What to produce :: Below are the records; retype each one exactly.

---------- Materials provided ----------

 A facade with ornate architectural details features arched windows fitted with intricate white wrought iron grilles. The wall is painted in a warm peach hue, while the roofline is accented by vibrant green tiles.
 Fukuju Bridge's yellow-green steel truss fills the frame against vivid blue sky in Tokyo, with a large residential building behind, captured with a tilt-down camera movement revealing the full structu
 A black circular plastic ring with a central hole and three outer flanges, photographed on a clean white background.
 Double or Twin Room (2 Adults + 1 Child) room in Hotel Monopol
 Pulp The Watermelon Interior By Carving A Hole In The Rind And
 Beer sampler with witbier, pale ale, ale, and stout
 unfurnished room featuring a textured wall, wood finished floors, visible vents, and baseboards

----------

Written reply ::
 A facade with ornate architectural details features arched windows fitted with intricate white wrought iron grilles. The wall is painted in a warm peach hue, while the roofline is accented by vibrant green tiles.
 Fukuju Bridge's yellow-green steel truss fills the frame against vivid blue sky in Tokyo, with a large residential building behind, captured with a tilt-down camera movement revealing the full structu
 A black circular plastic ring with a central hole and three outer flanges, photographed on a clean white background.
 Double or Twin Room (2 Adults + 1 Child) room in Hotel Monopol
 Pulp The Watermelon Interior By Carving A Hole In The Rind And
 Beer sampler with witbier, pale ale, ale, and stout
 unfurnished room featuring a textured wall, wood finished floors, visible vents, and baseboards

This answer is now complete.